Comme d’habitude, al Jazira a annoncé que la vidéo préenregistrée lui a été transmise par des militants d’al Qaîda. Vendredi dans la journée, la rédaction de la chaîne qatarie était mise au courant de la diffusion imminente d’un nouvel enregistrement. Elle a précisé que « des diplomates américains basés à Doha » avaient eu entre les mains, le jour même, une copie de cet enregistrement. Un porte-parole de la Maison Blanche a confirmé que Condoleezza Rice, conseillère à la sécurité nationale, avait prévenu le président Bush de son existence. Les autorités américaines ont fait savoir à la chaîne de ne pas diffuser la vidéo, pour qu’elle « ne serve pas de relais à des terroristes qui appellent à tuer des innocents ». Sur son site Internet, la chaîne a déclaré qu’elle a refusé de "céder". Au moment de la diffusion, le directeur d’al Jazira, Uattah Khenfar était « en vacances », et le chef des correspondants, Mohammed Safi, était injoignable. Quant aux journalistes, ils ont été priés de ne pas « communique » avec la presse étrangère.

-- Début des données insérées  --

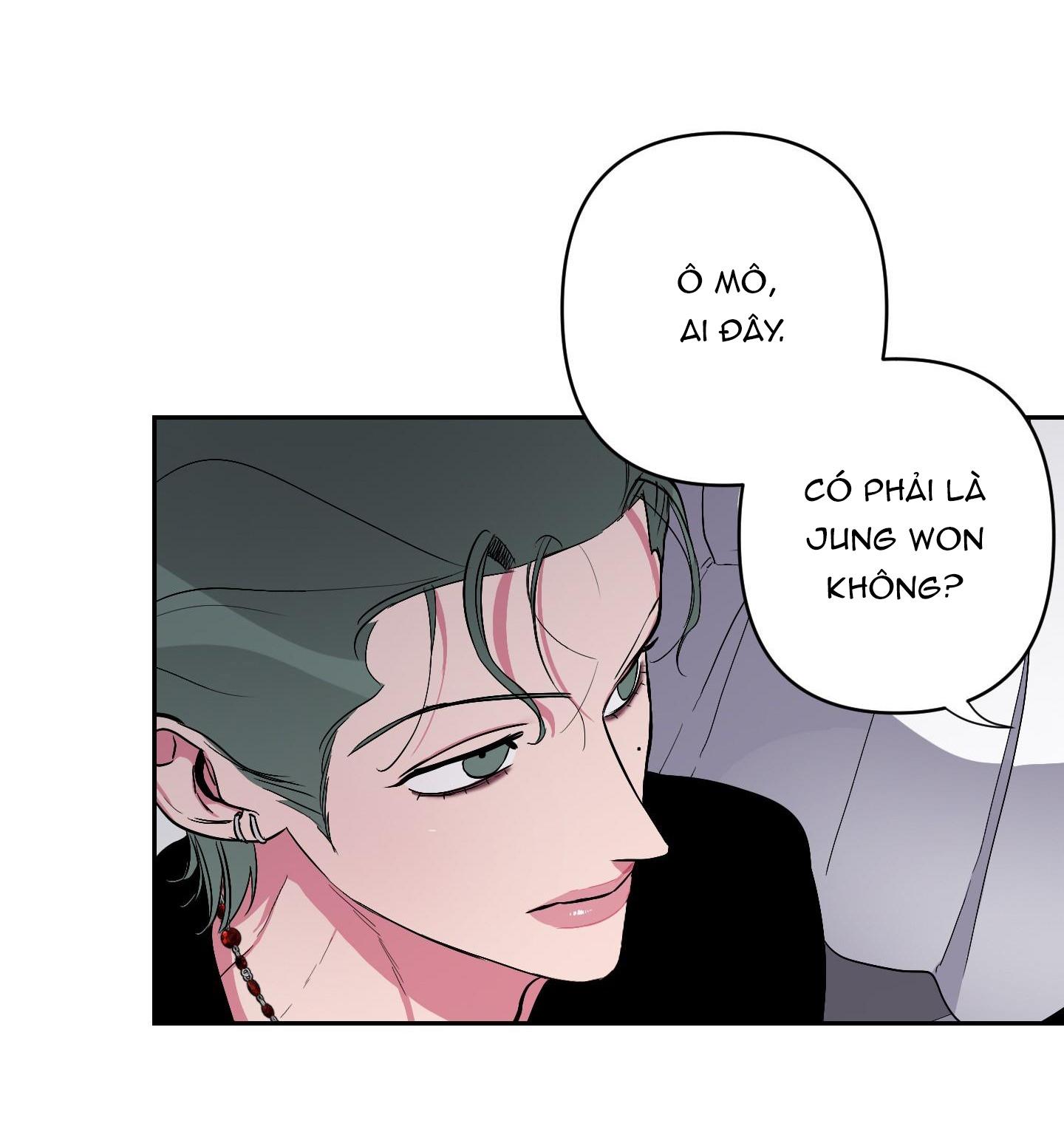 ANH, HÌNH NHƯ EM TĂNG CÂN RỒI - Chap 19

La coopération entre Al-Jazira et CNN continue. La chaîne américaine, liée par « un contrat d’exclusivit » avec sa consœur arabe, a très vite repris les images d’Usama bin Laden, commentées par la journaliste « spécialiste des médias arabes » de la chaîne d’Atlanta, Octavia Nasser, d’origine libanaise. Pendant toute la guerre en Afghanistan, elle s’occupait alors de choisir pour CNN les images que la chaîne arabe recevait de Kaboul.

Les principales vidéos de bin Laden diffusées par al Jazira

4 octobre 2001 : Images non datées d’Usama bin Laden, en tenue militaire, devant une cinquantaine de militaires cagoulés, dans les montagnes, revendiquant les attentats du 11 septembre. A sa droite se tient Ayman al Zawahri, le leader du djihad égyptien.
7 octobre 2001 : Assis en tailleur, bin Laden, armé, annonce que l’Amérique « ne connaîtra plus jamais la sécurité », alors que l’attaque contre l’Afghanistan des talibans vient de commencer.
9 octobre 2001 : « La tempête des avions ne cessera pas », proclame al Qaïda. Le porte-parole Sulayman Abu Ghaïth déclare en présence dUsama bin Laden et Ayman al Zawahri que « le djihad est devenu un devoir incontestable pour tout musulman… »
3 novembre 2001 : Nouvelles menaces d’Usama bin Laden, sur une vidéo expurgé de certains gestes et expressions, diffusée au moins trois jours après sa réception.